First Reaction on Medellin, Self-Execution, Etc.

by Mark Weisburd

[Mark Weisburd is the Martha M. Brandis Professor of Law at UNC Law School.]

I find it difficult to read Medellin as institutionalizing a presumption against self-execution. If that had been Roberts’s intent, the form of his argument should have been, “We presume non self-execution, is there anything to overcome the presumption?” Instead, he analyzed the text, ratification hearings, and practice of other treaty parties to conclude that Art. 94 was not intended to create obligations for domestic courts. The conclusion seems reasonable to me – 94(2)’s according the Security Council discretion to refuse to enforce an ICJ judgment is hard to reconcile with a domestic judicial duty to enforce those same judgments – but it certainly isn’t reached with the aid of presumption.

David Sloss’s post makes an important point regarding the branch of the federal government with the repsonsibility to execute particular treaties.
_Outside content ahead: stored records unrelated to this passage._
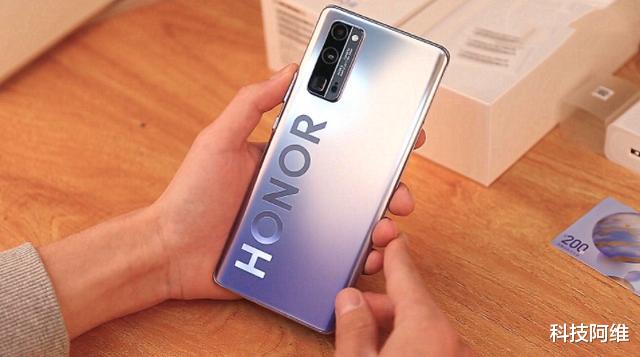 华为荣耀|从4999元降至4599元,5000万三摄+90Hz,荣耀最强旗舰加速退场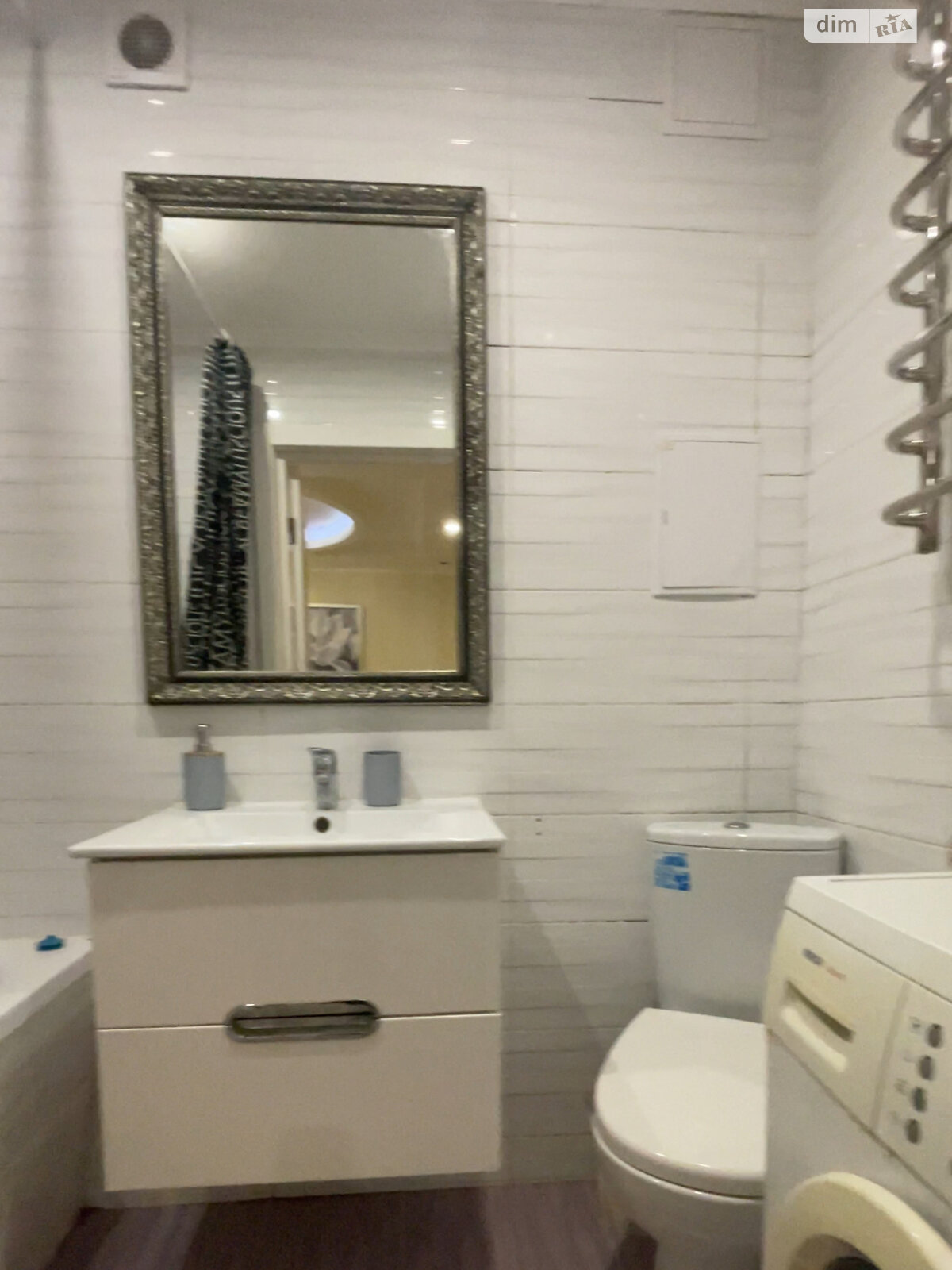 Продаж чотирикімнатної квартири в Чорноморську, на вул. Корабельна, район undefined фото 1 Продаж чотирикімнатної квартири в Чорноморську, на вул. Корабельна, район undefined фото 1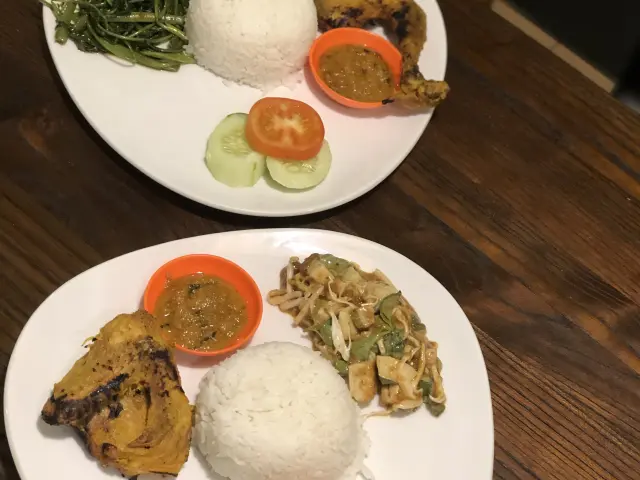 Gambar Makanan Ayam Bulungan 2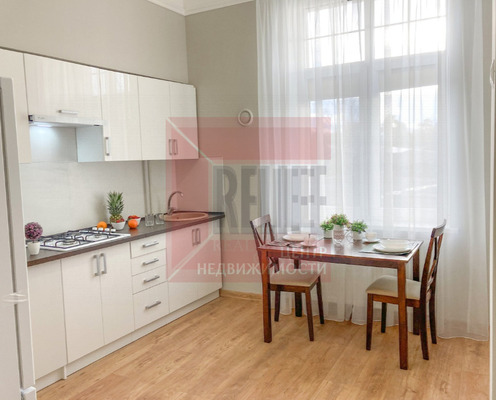 Продам коммерческое помещение 1 708,8 м2, Комсомольская ул, 10, Пионерский г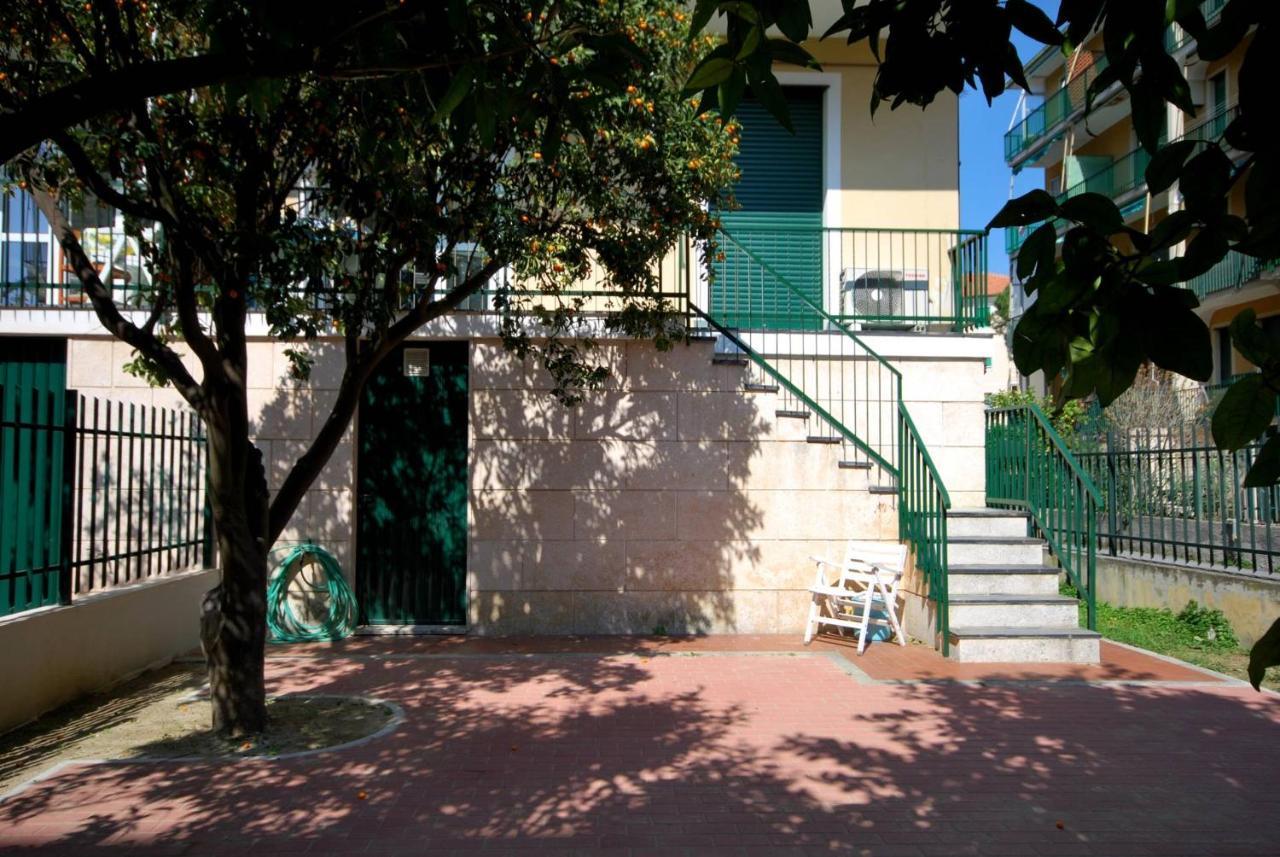 Appartamenti Con Giardino E Posto Auto Per Famiglie Finale Ligure Luaran gambar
As he pointed out to me in a colloquy some time ago, whatever the status of some generic ICJ judgment, this particular judgment specifically requires action by American judges and it is impossible to carry out the international obligation admittedly created by the judgment without judicial action. The problem I see is that, if Art. 94 in general does not require domestic judicial implementation, and if the Senate consented to American submission to the ICJ only on the understanding that there was no requirement of domestic judicial enforcement, what happens when a particular ICJ judgment is meaningless without such enforcement? I find the Senate’s understanding crucial. Necessarily, it seems to me, the “treaties” to which the Supremacy Clause refers are those to which the Senate understood itself to be consenting. That is, a treaty for purposes of American judicial treatment imposes only those obligations which the Senate saw the treaty as creating. So – to address David’s argument – if the treaty to which the Senate thought it consented never requires judicial enforcement of ICJ judgments, then that’s the treaty which is the supreme law of the land. It may well be reasonable to argue that, at least on these facts, that not the best reading of Art. 94, but, if I’m right, the only issue is determining the Senate’s understanding of the treaty, not determining whether that understanding necessarily makes sense. Indeed, when the Court holds that the Senate’s understanding of Art. 94 as creating no domestic legal effects disables the president from seeking to implement Avena, it seems to put just that degree of weight on the Senate’s understanding.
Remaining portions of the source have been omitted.